# [TASK ITEM]
Two lines in the data below mark the range: the one with "MOBILHOME 5 personnes - Mobilhome" and the one with "USED 2019 69". Return both, along with every line between them, exactly.
━━━ MATERIAL FOR THIS EXERCISE
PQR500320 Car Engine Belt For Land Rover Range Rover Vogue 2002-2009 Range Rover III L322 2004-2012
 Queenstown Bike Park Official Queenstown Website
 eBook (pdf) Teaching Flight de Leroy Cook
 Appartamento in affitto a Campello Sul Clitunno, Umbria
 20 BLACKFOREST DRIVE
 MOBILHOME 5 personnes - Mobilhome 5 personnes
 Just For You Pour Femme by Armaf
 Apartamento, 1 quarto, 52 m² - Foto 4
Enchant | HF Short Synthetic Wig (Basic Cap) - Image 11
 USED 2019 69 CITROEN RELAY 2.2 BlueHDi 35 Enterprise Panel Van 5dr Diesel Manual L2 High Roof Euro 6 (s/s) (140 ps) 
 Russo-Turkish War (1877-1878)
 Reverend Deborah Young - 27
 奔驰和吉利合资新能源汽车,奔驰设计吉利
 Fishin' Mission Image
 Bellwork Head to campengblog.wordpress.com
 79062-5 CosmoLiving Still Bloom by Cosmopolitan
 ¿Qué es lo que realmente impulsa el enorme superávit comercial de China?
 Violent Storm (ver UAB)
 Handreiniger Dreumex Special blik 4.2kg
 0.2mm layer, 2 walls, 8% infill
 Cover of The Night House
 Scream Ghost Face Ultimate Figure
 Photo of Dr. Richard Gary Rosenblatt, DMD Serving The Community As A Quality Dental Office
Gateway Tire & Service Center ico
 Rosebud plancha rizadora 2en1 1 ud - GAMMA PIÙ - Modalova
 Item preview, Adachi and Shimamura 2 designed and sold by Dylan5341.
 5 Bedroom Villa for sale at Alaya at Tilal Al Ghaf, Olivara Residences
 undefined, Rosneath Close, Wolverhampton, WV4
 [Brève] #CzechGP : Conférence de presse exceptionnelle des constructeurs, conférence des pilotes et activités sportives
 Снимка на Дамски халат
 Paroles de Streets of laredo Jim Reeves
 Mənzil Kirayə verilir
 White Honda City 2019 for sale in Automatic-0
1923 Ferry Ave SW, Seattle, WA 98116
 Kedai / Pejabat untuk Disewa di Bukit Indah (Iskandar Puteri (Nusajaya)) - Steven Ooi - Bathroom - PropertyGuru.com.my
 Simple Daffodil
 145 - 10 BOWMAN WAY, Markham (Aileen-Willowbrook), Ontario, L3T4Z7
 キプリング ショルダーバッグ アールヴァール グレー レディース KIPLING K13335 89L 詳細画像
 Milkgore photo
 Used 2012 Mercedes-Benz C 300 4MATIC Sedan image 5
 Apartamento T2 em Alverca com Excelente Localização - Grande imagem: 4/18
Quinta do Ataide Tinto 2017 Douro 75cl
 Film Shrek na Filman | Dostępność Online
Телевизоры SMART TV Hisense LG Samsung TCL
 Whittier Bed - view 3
━━━━━━
# [WRITTEN ANSWER]
 MOBILHOME 5 personnes - Mobilhome 5 personnes
 Just For You Pour Femme by Armaf
 Apartamento, 1 quarto, 52 m² - Foto 4
Enchant | HF Short Synthetic Wig (Basic Cap) - Image 11
 USED 2019 69 CITROEN RELAY 2.2 BlueHDi 35 Enterprise Panel Van 5dr Diesel Manual L2 High Roof Euro 6 (s/s) (140 ps) 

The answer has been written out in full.